Caption-style text data:
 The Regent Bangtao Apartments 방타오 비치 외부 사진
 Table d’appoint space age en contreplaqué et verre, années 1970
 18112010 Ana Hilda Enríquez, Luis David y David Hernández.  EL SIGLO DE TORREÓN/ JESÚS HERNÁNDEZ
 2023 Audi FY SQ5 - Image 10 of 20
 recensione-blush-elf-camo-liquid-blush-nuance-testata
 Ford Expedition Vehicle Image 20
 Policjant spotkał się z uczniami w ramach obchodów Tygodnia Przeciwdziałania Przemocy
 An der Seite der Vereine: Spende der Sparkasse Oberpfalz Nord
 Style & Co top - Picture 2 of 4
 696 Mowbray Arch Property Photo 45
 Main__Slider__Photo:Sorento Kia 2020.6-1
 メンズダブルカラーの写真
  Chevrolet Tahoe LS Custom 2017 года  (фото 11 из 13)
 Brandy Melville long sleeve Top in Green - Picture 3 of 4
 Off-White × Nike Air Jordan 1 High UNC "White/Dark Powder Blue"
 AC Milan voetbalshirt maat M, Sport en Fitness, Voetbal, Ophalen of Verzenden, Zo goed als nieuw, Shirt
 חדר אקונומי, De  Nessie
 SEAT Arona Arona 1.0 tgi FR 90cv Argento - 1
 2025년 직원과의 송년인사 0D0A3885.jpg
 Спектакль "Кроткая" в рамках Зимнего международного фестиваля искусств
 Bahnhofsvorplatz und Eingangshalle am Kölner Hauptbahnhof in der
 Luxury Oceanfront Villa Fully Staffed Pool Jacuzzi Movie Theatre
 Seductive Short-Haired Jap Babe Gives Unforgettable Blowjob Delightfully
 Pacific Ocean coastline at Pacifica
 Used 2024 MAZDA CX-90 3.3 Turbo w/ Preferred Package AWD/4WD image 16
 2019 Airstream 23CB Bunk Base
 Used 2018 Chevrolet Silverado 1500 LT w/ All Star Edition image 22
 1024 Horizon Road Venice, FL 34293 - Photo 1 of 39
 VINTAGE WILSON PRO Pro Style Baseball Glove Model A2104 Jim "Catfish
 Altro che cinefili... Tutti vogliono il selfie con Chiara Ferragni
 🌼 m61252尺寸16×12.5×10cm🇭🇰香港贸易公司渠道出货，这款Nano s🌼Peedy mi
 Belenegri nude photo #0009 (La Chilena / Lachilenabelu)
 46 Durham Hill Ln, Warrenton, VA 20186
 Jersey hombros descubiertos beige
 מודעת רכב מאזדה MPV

• [Your instructions]: Restate the records above word for word.

• [Solution below]:
 The Regent Bangtao Apartments 방타오 비치 외부 사진
 Table d’appoint space age en contreplaqué et verre, années 1970
 18112010 Ana Hilda Enríquez, Luis David y David Hernández.  EL SIGLO DE TORREÓN/ JESÚS HERNÁNDEZ
 2023 Audi FY SQ5 - Image 10 of 20
 recensione-blush-elf-camo-liquid-blush-nuance-testata
 Ford Expedition Vehicle Image 20
 Policjant spotkał się z uczniami w ramach obchodów Tygodnia Przeciwdziałania Przemocy
 An der Seite der Vereine: Spende der Sparkasse Oberpfalz Nord
 Style & Co top - Picture 2 of 4
 696 Mowbray Arch Property Photo 45
 Main__Slider__Photo:Sorento Kia 2020.6-1
 メンズダブルカラーの写真
  Chevrolet Tahoe LS Custom 2017 года  (фото 11 из 13)
 Brandy Melville long sleeve Top in Green - Picture 3 of 4
 Off-White × Nike Air Jordan 1 High UNC "White/Dark Powder Blue"
 AC Milan voetbalshirt maat M, Sport en Fitness, Voetbal, Ophalen of Verzenden, Zo goed als nieuw, Shirt
 חדר אקונומי, De  Nessie
 SEAT Arona Arona 1.0 tgi FR 90cv Argento - 1
 2025년 직원과의 송년인사 0D0A3885.jpg
 Спектакль "Кроткая" в рамках Зимнего международного фестиваля искусств
 Bahnhofsvorplatz und Eingangshalle am Kölner Hauptbahnhof in der
 Luxury Oceanfront Villa Fully Staffed Pool Jacuzzi Movie Theatre
 Seductive Short-Haired Jap Babe Gives Unforgettable Blowjob Delightfully
 Pacific Ocean coastline at Pacifica
 Used 2024 MAZDA CX-90 3.3 Turbo w/ Preferred Package AWD/4WD image 16
 2019 Airstream 23CB Bunk Base
 Used 2018 Chevrolet Silverado 1500 LT w/ All Star Edition image 22
 1024 Horizon Road Venice, FL 34293 - Photo 1 of 39
 VINTAGE WILSON PRO Pro Style Baseball Glove Model A2104 Jim "Catfish
 Altro che cinefili... Tutti vogliono il selfie con Chiara Ferragni
 🌼 m61252尺寸16×12.5×10cm🇭🇰香港贸易公司渠道出货，这款Nano s🌼Peedy mi
 Belenegri nude photo #0009 (La Chilena / Lachilenabelu)
 46 Durham Hill Ln, Warrenton, VA 20186
 Jersey hombros descubiertos beige
 מודעת רכב מאזדה MPV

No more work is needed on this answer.